═══ Supplied data ═══

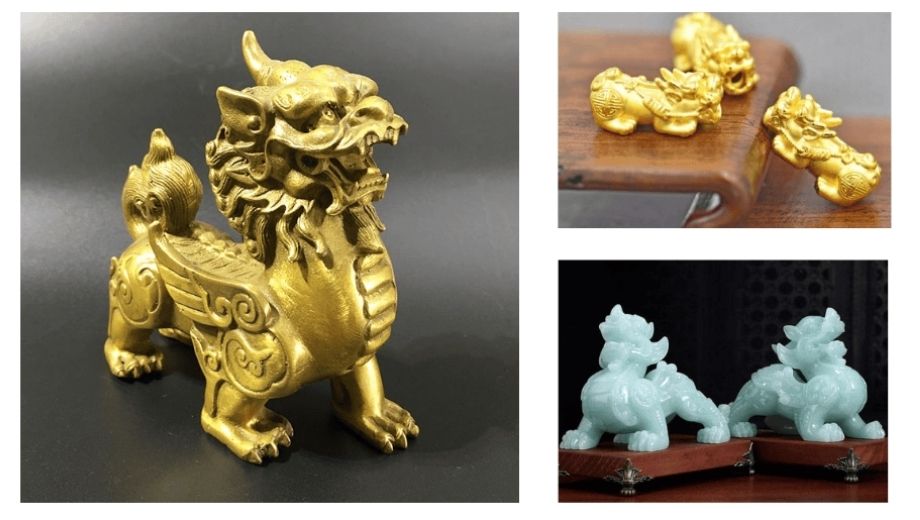 Đá phong thủy kết hợp gỗ óc chó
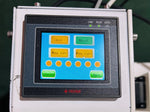 2.8'' Touch Screen PLC HMI All In One for Small Machine Automation Controller, Built-In Analog, 7/9 I/O, 2 Axis 100K for Motor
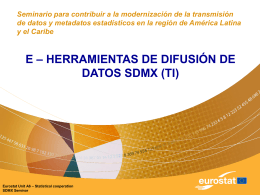 Herramientas SDMX para difusión de datos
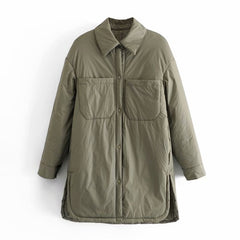 Spring Casual Woman Loose Long Basic Pocket Shirt Coats Female Fashion Oversized Light Jacket Ladies Solid Color Outwear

═══

**Required work**
Every line of the data above should be repeated exactly. Omit the pictures.

**Result of the task**
 Đá phong thủy kết hợp gỗ óc chó
 2.8'' Touch Screen PLC HMI All In One for Small Machine Automation Controller, Built-In Analog, 7/9 I/O, 2 Axis 100K for Motor
 Herramientas SDMX para difusión de datos
 Spring Casual Woman Loose Long Basic Pocket Shirt Coats Female Fashion Oversized Light Jacket Ladies Solid Color Outwear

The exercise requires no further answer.